- **TASK OBJECTIVE**
Find the line that holds "Madison Park Marian", then repeat it and each line below it word for word through the end of the listing, leaving out pictures.

- **RECORDED DATA**
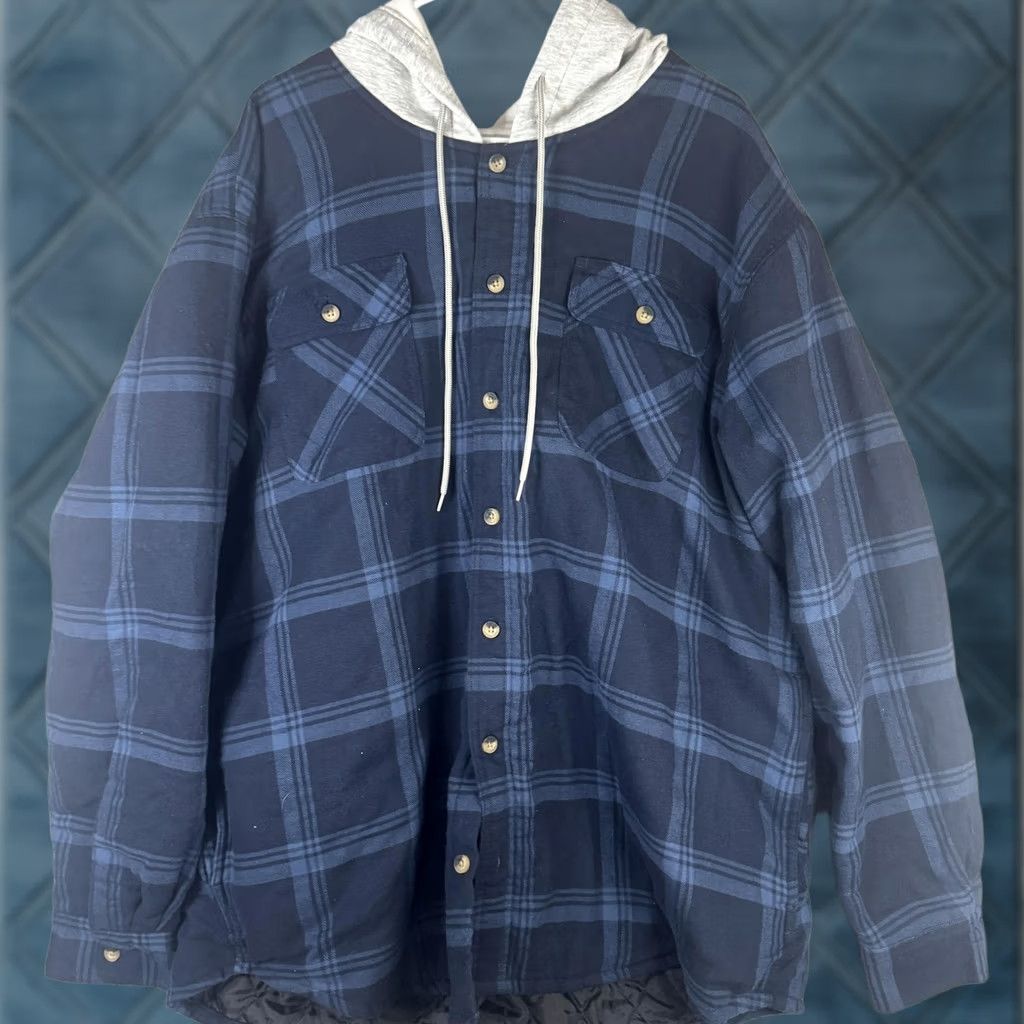 Wrangler Wrangler Jacket Mens 2XL Blue Plaid Flannel Hooded Quilted Lined Shacket Outdoor Size US XXL / EU 58 / 5 - 1 Thumbnail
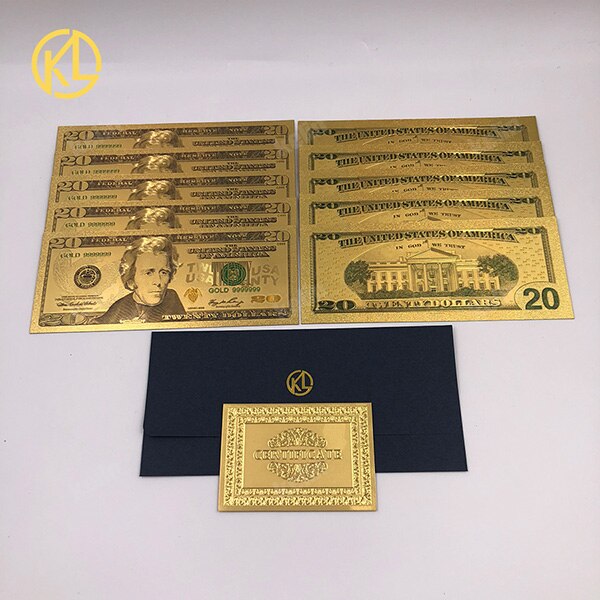 10 pezzi/lotto USA USA 100 dollari oro sventato banconota platsic Bill Stati Uniti d'America con buste per regali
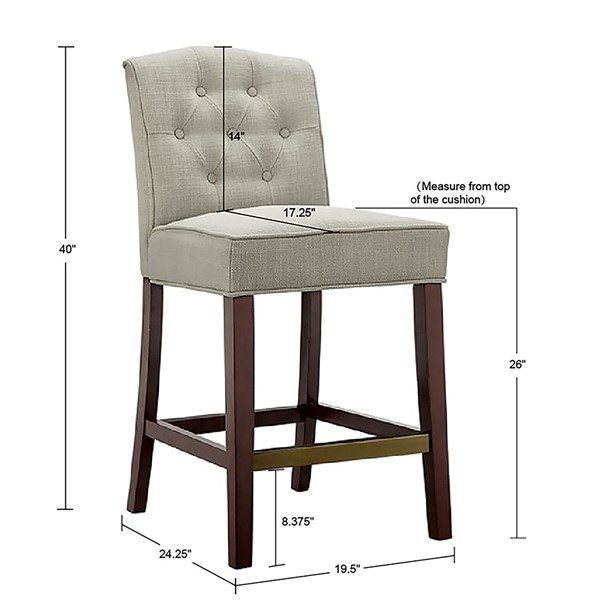 Madison Park Marian Tufted Counter Stool in Tan, One Size FPF20-0395 - Image 6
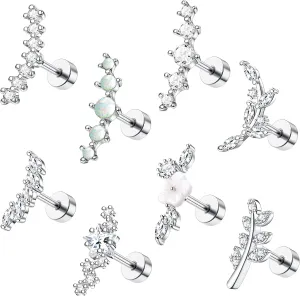 8Pcs 16G Cartilage Earring Set Stainless Steel Flower Opal CZ Stud Earrings Flat Back Cartilage Conch Helix Piercing Jewelry for Women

- **RESPONSE TO THE EXERCISE**
 Madison Park Marian Tufted Counter Stool in Tan, One Size FPF20-0395 - Image 6
 8Pcs 16G Cartilage Earring Set Stainless Steel Flower Opal CZ Stud Earrings Flat Back Cartilage Conch Helix Piercing Jewelry for Women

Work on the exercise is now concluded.